The Golden Globe Awards 2011
Ricky Gervais, right?
Not to be belligerent but if you’re reading this blog, and you’re a gossipy bitch, I won’t understand it if you come at me with – “he was so inappropriate”.
He was exactly as we wanted him to be.
He did not care.
And he said the sh-t you want him to say. He said the sh-t YOU would say. That The Tourist is a joke. That certain Scientologists are GAY and frauds. That Bruce Willis is indeed Ashton Kutcher’s father. That Charlie Sheen is a mess.
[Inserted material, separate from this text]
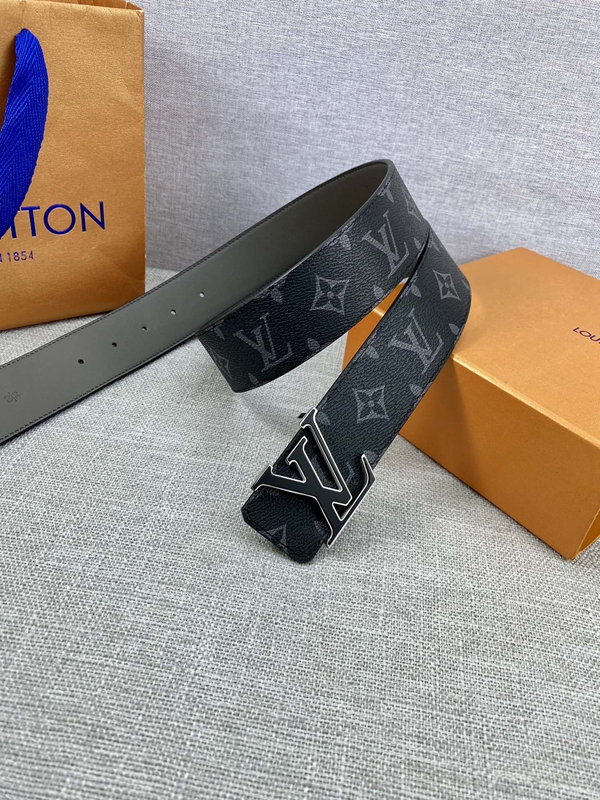 激安ルイヴィトンベルト細部ディテール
I mean… in a room full of the fakest of the fakes, people who have perfected the art of backstabbing, cheating, and lying, why wouldn’t you delight in Ricky Gervais calling it as it is?
It’s the Golden Globes after all. Where bribery is the magic word. And you expected him to “respect the occasion”?
Well… didn’t he?
But where was Justin Timberlake?
Working or sulking? Let me guess – he graciously did not want to take any attention away from his costars.
As for the style selections of the night, as already noted, there were gifts, so many gifts, so many putrid, horrifying gifts. Shockingly bad. Which means, for us, hilariously good. No doubt we will disagree. And I look forward to reading you yelling at me in my inbox. But by and large, I’m sure we can all come to the consensus that there was more suck than gold. Let’s to it then, shall we?
It’s a new world. I finally know now why the hate for Natalie Portman.